Efforts To Chip Away At Drug Laws Underway In Western States
By Sunny Kaplan, Staff Writer
New efforts have sprung up west of the Mississippi to loosen the reins on illegal drug use, or at least reconsider penalties for violators that are partly responsible for soaring correctional costs. The moves follow last year's approval in Alaska, Arizona, Nevada, Oregon and Washington of referenda authorizing the use of marijuana for medicinal purposes. Those involved in the latest efforts include a Microsoft millionaire, advocacy groups that have sought to legalize marijuana for years and New Mexico's Republican Gov. Gary Johnson.
In late June, Johnson created waves by declaring he wants decriminalizing drug use to be on the front burner of public debate. While he was not specific about which drugs he would consider reducing penalties for using or legalizing, his suggestion drew sharp criticism from New Mexico's congressional delegation and law enforcement officials. It is also at odds with the 1996 Republican platform, which called for stricter penalties for drug offenders.
The issue of drug use subsequently burst into the early rounds of the 2000 presidential race, when members of the news media and political foes began pressing Texas Gov. George W. Bush to confirm or deny that he experimented with cocaine in his youth.
While no one has produced evidence that Bush, the early frontrunner for the Republican presidential nomination, did any such thing, those who insist that he answer the question say the public should know if a man who would lead them broke a law that he has since punished others for violating.
New Mexico's Johnson argues that the nation's war on drugs has been "a miserable failure." He says changing laws on marijuana possession would be a logical "first step," since marijuana is considered less addictive than harder drugs such as cocaine and heroin.
Johnson, who disclosed during his first campaign for governor in 1994 that he had smoked marijuana and tried cocaine on three occasions while in college and shortly thereafter, has agreed to headline a day-long conference in Washington D.C. on Oct. 5 called "Beyond Prohibition: An Adult Approach to Drug Policies in the 21st Century."
The conference is sponsored by the Libertarian-leaning Cato Institute, which has advocated legalizing drugs since its founding in 1977.
Johnson's efforts to get people to rethink the nation's drug laws parallels a political effort in Washington and Oregon. Buoyed by a $100,000 contribution from retired Microsoft millionaire Bruce McKinney, a group in Washington State is trying to put a measure on the ballot to legalize marijuana for recreational as well as medicinal purposes and regulate the sale of it.
Supporters of the so-called Washington Cannabis Tax Act need to garner 180,000 signatures by Dec. 31 in order to put the measure before voters in the November 2000 general election.
The Campaign for the Restoration and Regulation of Hemp is sponsoring a similar initiative in Oregon with help from McKinney, who donated $10,000 to that effort this spring. So far, supporters there have gathered 14,000 of the 66,000 signatures required by July to put the question on Oregon's November 2000 ballot.
In California, meanwhile, pro-pot billboards like "Honk if You Inhale'' and "Stop Arresting Responsible Pot Smokers'' have gone up as part of a campaign to decriminalize marijuana use in that state.

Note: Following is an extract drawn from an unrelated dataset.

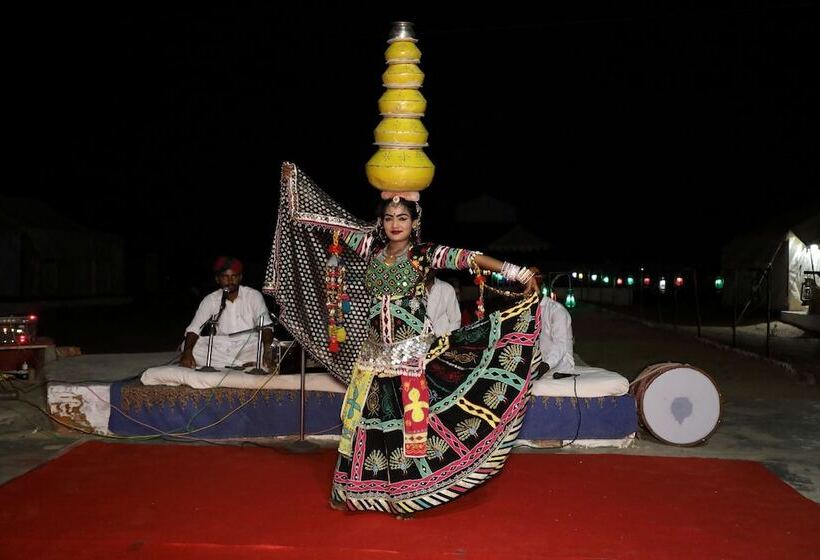 Hotel Mumal Desert Camp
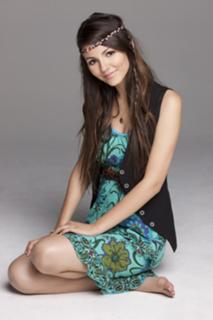 Victoria Justice feet photo thumbnail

The Washington, D.C.-based National Organization for the Reform of Marijuana Laws (NORML), is paying for the campaign, which began last week in San Francisco.
"Around 12 million adult Americans smoke pot regularly in their homes and still hold down demanding jobs, raise families and lead productive lives. We're calling on those individuals to send a message to the state and federal governments -- responsible marijuana use by adults is commonplace, safe and should be decriminalized," NORML Founder Keith Stroup said.
In last year's election, voters approved referenda okaying medical marijuana use in Alaska, Arizona, Nevada, Oregon and Washington. California passed the first such initiative in 1996.
But state efforts to legalize marijuana for medicinal or recreational use don't change the fact that the drug is illegal under federal law. Marijuana is categorized by the federal government as a Schedule I drug, along with LSD, heroin and PCP. And the nation's drug czar is far from warming to drug legalization efforts.
"Proponents argue that legalization is a cure-all for our nation's drug problem. However the facts show that legislation is not a panacea but a poison. In reality, legalization would dramatically expand America's drug dependence, significantly increase the social costs of drug abuse, and put countless more innocent lives at risk," testified Barry R. McCaffrey, director of the Office of National Drug Control Policy, before the House Government Reform and Oversight Committee Subcommittee on Criminal Justice, Drug Policy, and Human Resources in June.
The Bureau of Justice Statistics reports that more than 277,000 offenders were in prison for a drug law violation in 1997, which accounts for 21 percent of state prisoners and over 60 percent of federal prisoners. Last week the bureau reported that state correctional costs have shot up 83 percent in this decade.
Experts say the widespread jailing of non-violent drug offenders partly accounts for the staggering increase.